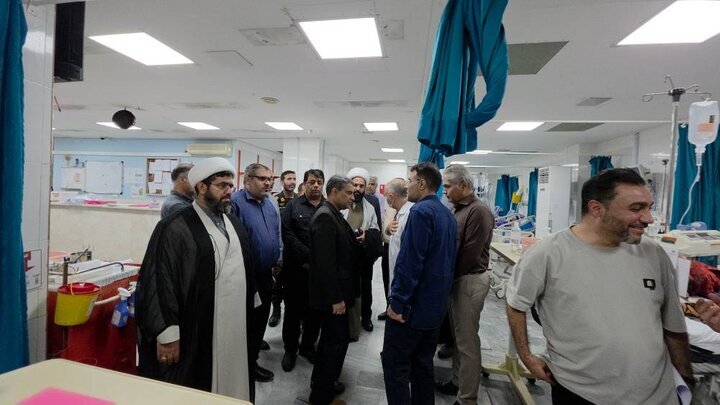معاون استاندار هرمزگان از مجروحان تجاوز ارتش آمریکا به کوهستک عیادت کرد/ شهادت تلخ کودک چهار ساله معاون استاندار هرمزگان از مجروحان تجاوز ارتش آمریکا به کوهستک عیادت کرد/ شهادت تلخ کودک چهار ساله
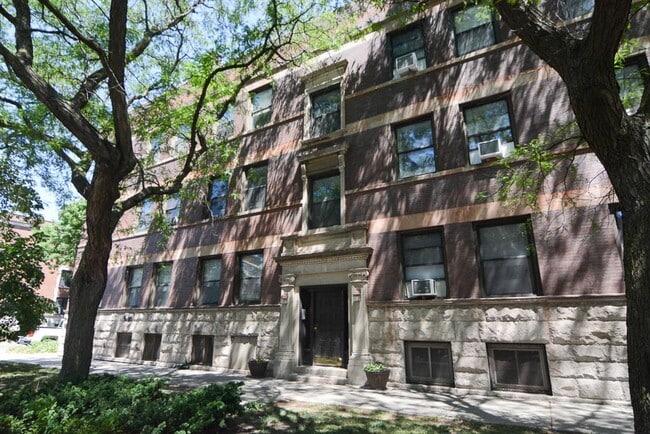 Photo - 1150 W Waveland Ave Apartments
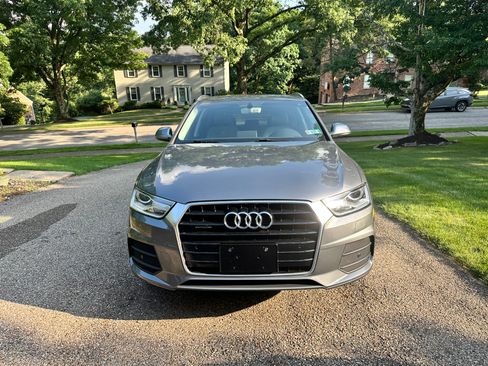 Used 2016 Audi Q3 2.0T Premium Plus w/ Technology Package AWD/4WD image 1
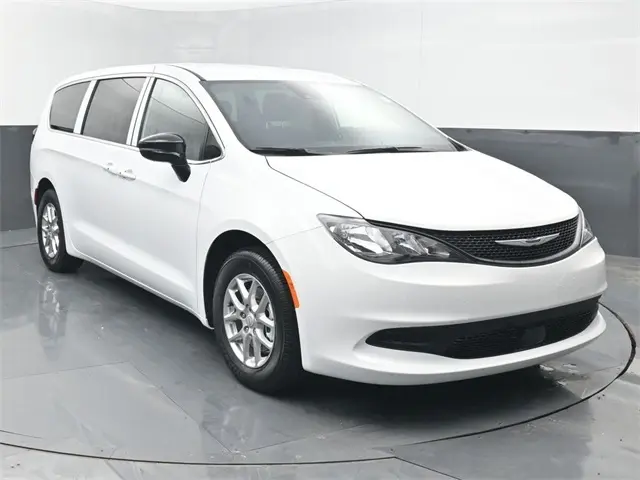 2026 Chrysler Voyager LX's photo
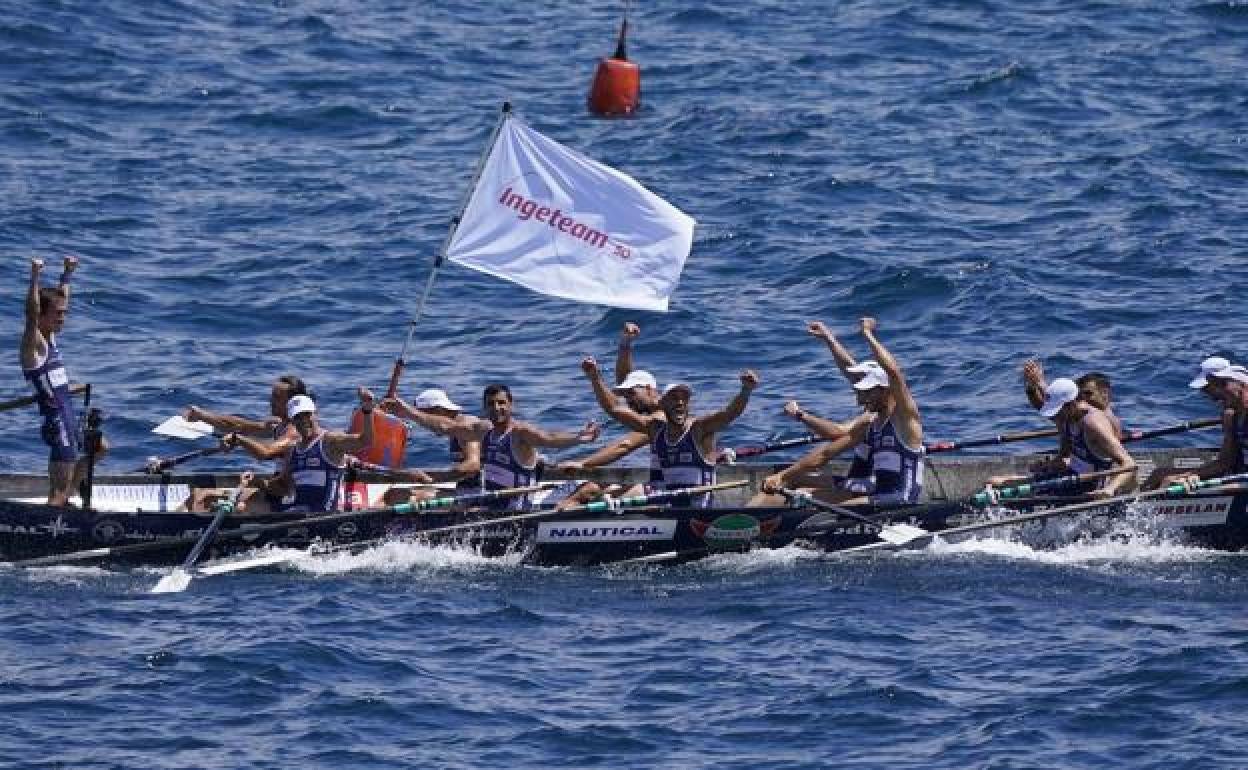La tripulación de Urdaibai celebra la victoria.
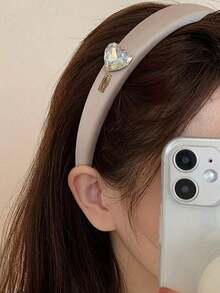 1pc French Sparkling Heart Diamond Headband, Minimalist Elegant Crystal Heart Black Wide-Brim Headband For Women, Versatile Hair Accessory For Autumn/Winter, Hair Accessories, Hair Tools, Beauty Accessories, Curly Hair Accessories For Women, Fall, Travel, Hair Tools, Accessories Women, Hair Stuff, Fall, Hair Accessories Women, Hair Tools, Hair Stuff, Stuff, Beauty Accessories, Gifts, Travel, Gifts For Women, Hair Stuff, Stocking Stuffers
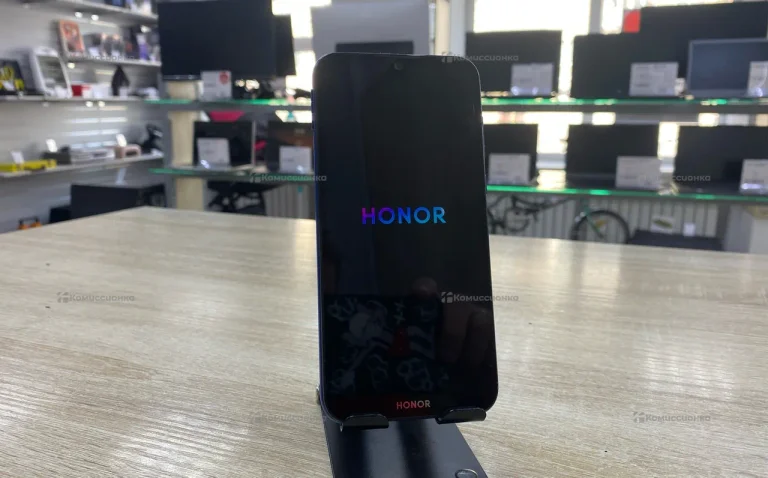 Honor 8s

----

▶ Exercise description
Would you repeat the entries exactly, keeping the images out?

▶ Solution for this task
معاون استاندار هرمزگان از مجروحان تجاوز ارتش آمریکا به کوهستک عیادت کرد/ شهادت تلخ کودک چهار ساله معاون استاندار هرمزگان از مجروحان تجاوز ارتش آمریکا به کوهستک عیادت کرد/ شهادت تلخ کودک چهار ساله
 Photo - 1150 W Waveland Ave Apartments
 Used 2016 Audi Q3 2.0T Premium Plus w/ Technology Package AWD/4WD image 1
 2026 Chrysler Voyager LX's photo
La tripulación de Urdaibai celebra la victoria.
 1pc French Sparkling Heart Diamond Headband, Minimalist Elegant Crystal Heart Black Wide-Brim Headband For Women, Versatile Hair Accessory For Autumn/Winter, Hair Accessories, Hair Tools, Beauty Accessories, Curly Hair Accessories For Women, Fall, Travel, Hair Tools, Accessories Women, Hair Stuff, Fall, Hair Accessories Women, Hair Tools, Hair Stuff, Stuff, Beauty Accessories, Gifts, Travel, Gifts For Women, Hair Stuff, Stocking Stuffers
 Honor 8s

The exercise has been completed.